Supplied information: Begin

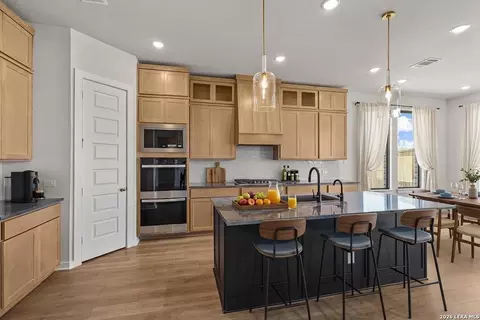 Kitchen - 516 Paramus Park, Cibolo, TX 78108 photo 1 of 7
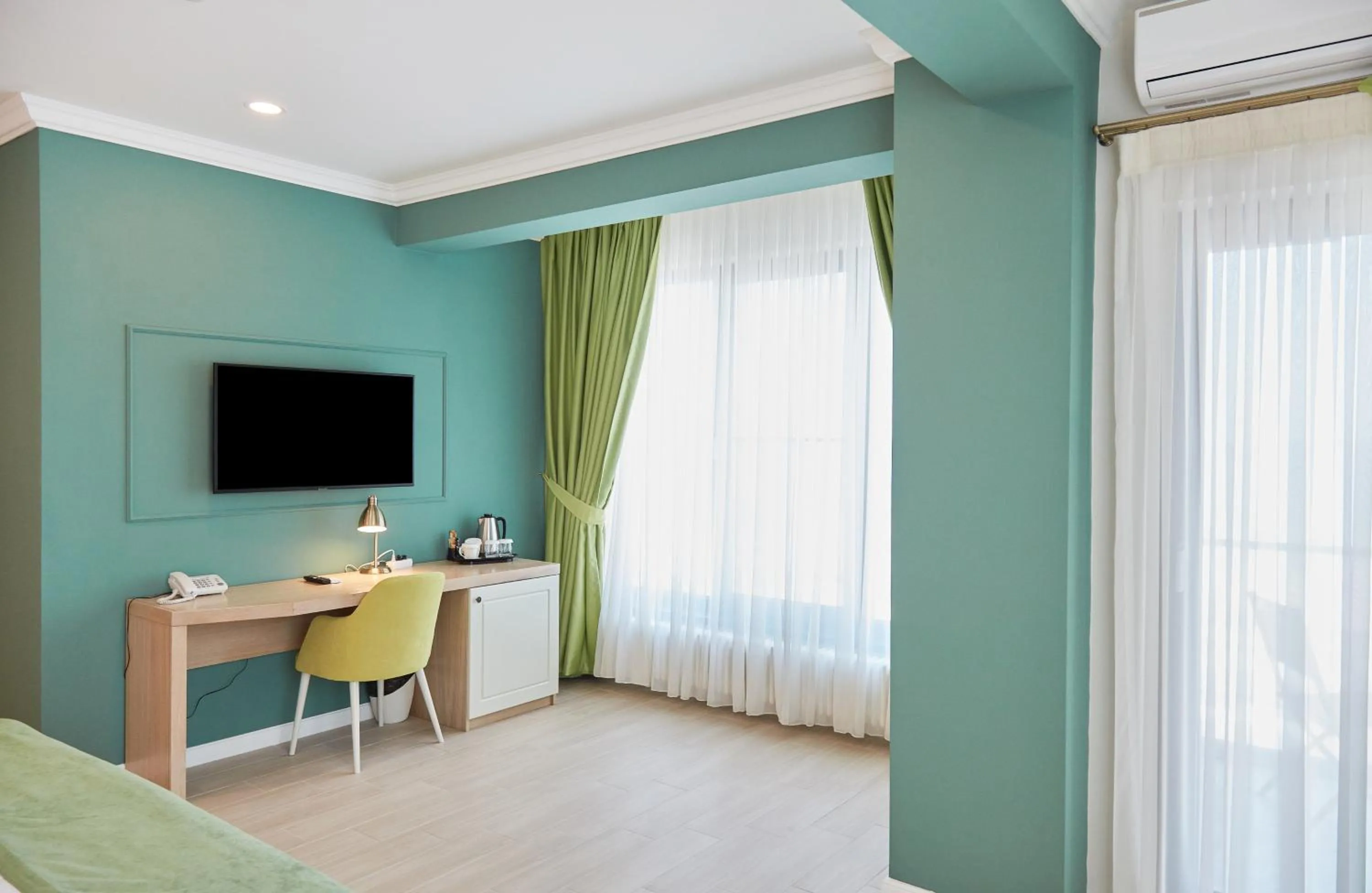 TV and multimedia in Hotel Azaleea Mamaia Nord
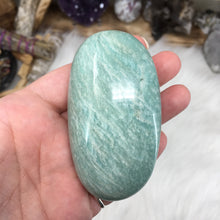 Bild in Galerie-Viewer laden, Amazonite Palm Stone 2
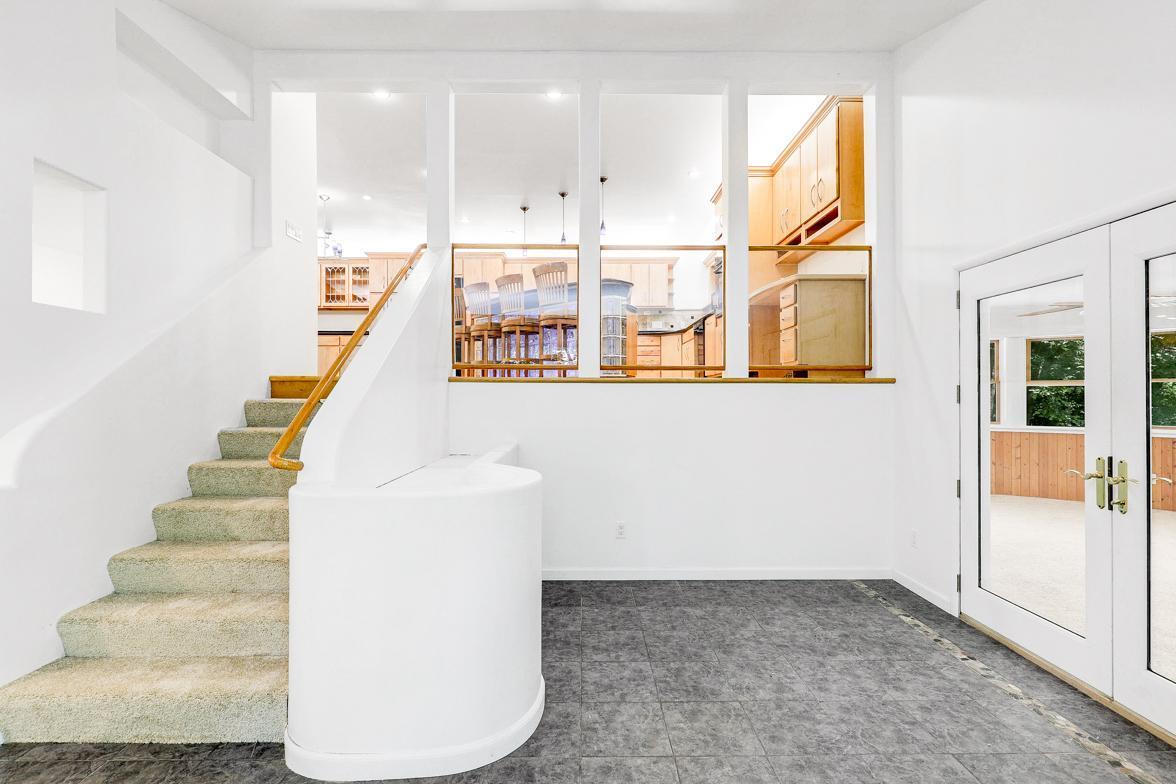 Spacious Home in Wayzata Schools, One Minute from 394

Supplied information: End
Supplied information: Begin

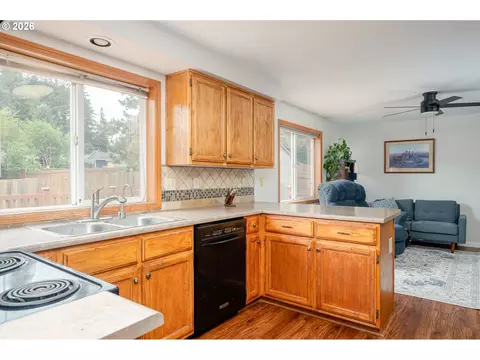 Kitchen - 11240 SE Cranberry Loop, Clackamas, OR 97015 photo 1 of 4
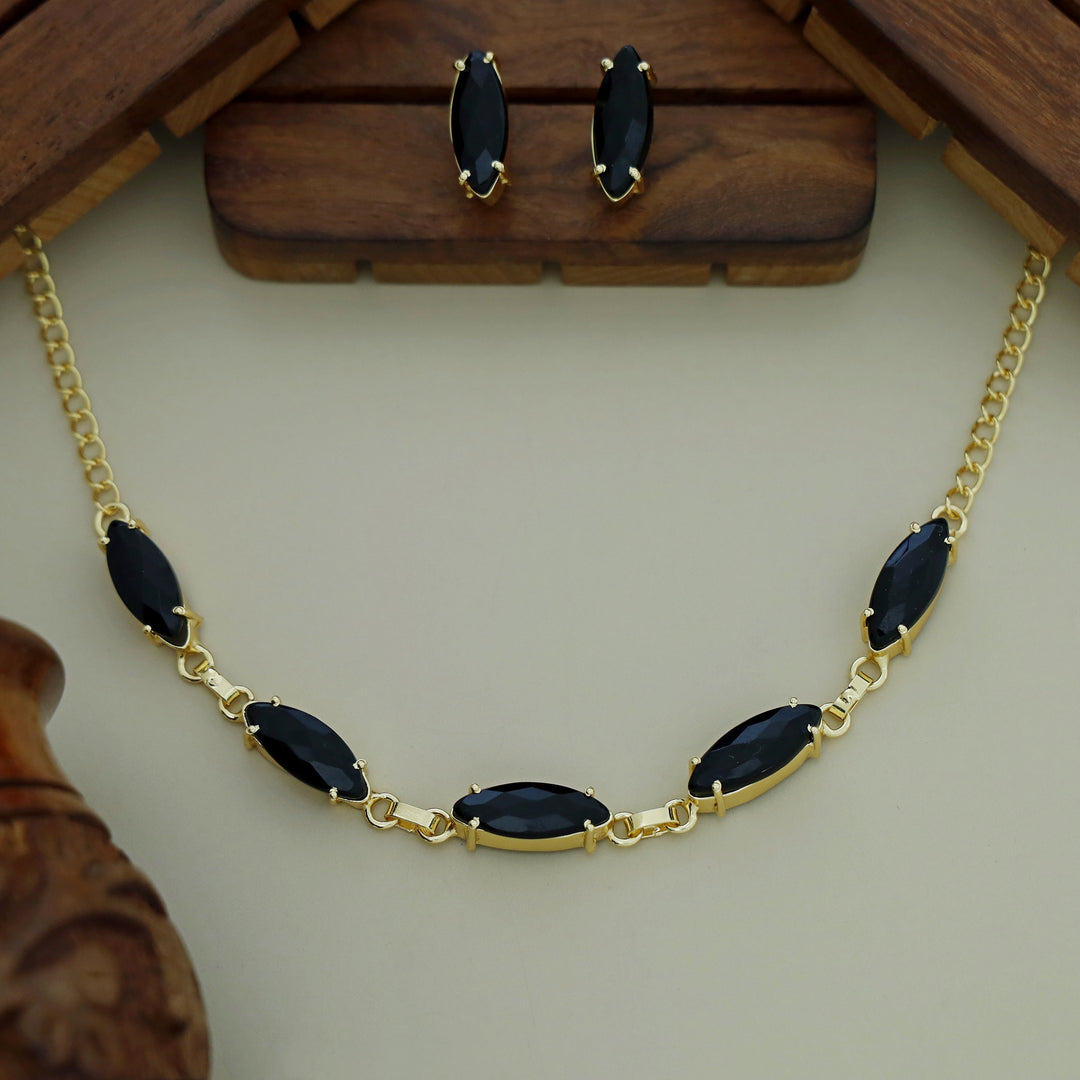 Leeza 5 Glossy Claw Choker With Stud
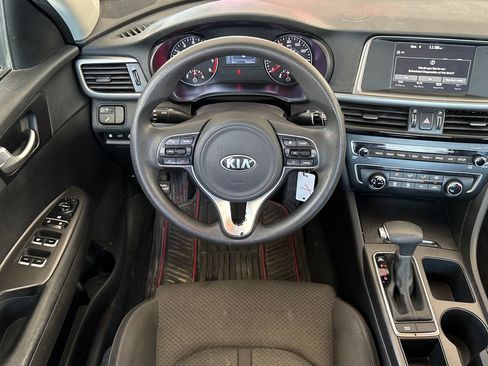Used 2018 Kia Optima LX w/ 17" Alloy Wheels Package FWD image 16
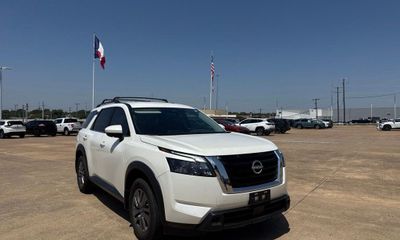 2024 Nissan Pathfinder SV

Supplied information: End
Supplied information: Begin

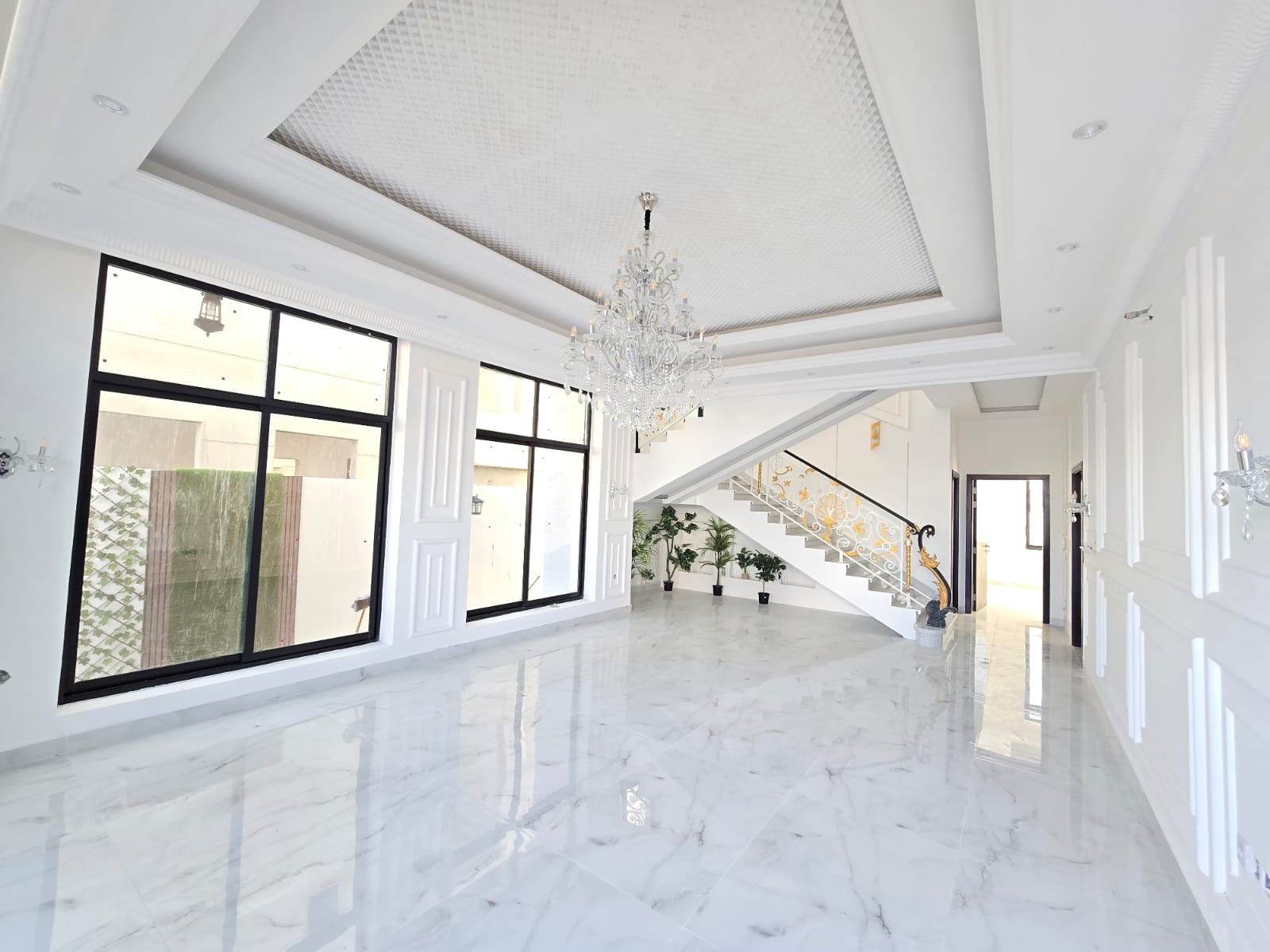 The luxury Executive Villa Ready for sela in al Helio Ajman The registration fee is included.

Supplied information: End

→ **What needs to be done**: Above are some records; quote exactly and only the lines that begin at the line containing "TV and multimedia" and stop after the line containing "Spacious Home in", leaving out the pictures.

→ **Solution to the problem**:
 TV and multimedia in Hotel Azaleea Mamaia Nord
 Bild in Galerie-Viewer laden, Amazonite Palm Stone 2
 Spacious Home in Wayzata Schools, One Minute from 394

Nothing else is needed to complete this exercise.